Report agent run status: RunStatus.COMPLETED
Saved report to /workspaces/browser-automation/reports/qa-browser-results.xlsx

Report highlights:
 Thank you! I'll process these notes and create the requested `qa-browser-results.xlsx` workbook.  
Here is how each row will be summarized for the Results sheet:

|------------------|-----------|-------------------------------|------------------------------------------------------------------|-----------|---------------------|-------------------------------------------------|
| switzerland.feature | Pass      | None                          | Filtering and job count display work as expected.                | 13        | Switzerland         | Enterprise Security Executive, ...               |
| germany.feature     | Pass      | None                          | Roles span multiple cities (e.g., Munich, Berlin, Frankfurt).    | 38        | Germany             | Multiple Locations, Germany                      |

Let's generate the Excel file accor

## 5. Clean Up Agents

Always delete the temporary agents when the run is complete.

In [7]:
agents_client.delete_agent(browser_agent.id)
agents_client.delete_agent(report_agent.id)
project_client.close()

print("Notebook finished. Agents removed.")

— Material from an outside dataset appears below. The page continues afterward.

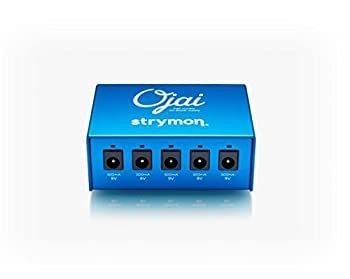 Strymon Ojai Hochstrom-Gleichstromversorgung Domestic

Notebook finished. Agents removed.


## Wrap-up

- **Scenarios live only in Gherkin files** – change expectations by editing text, no code updates needed.
- **Browser agent** executes instructions and reports observations without rigid parsing.
- **Reporting agent** turns the free-form notes into an Excel artifact and highlight summary.

This pattern is ideal for exploratory QA sweeps where you want quick coverage with minimum overhead.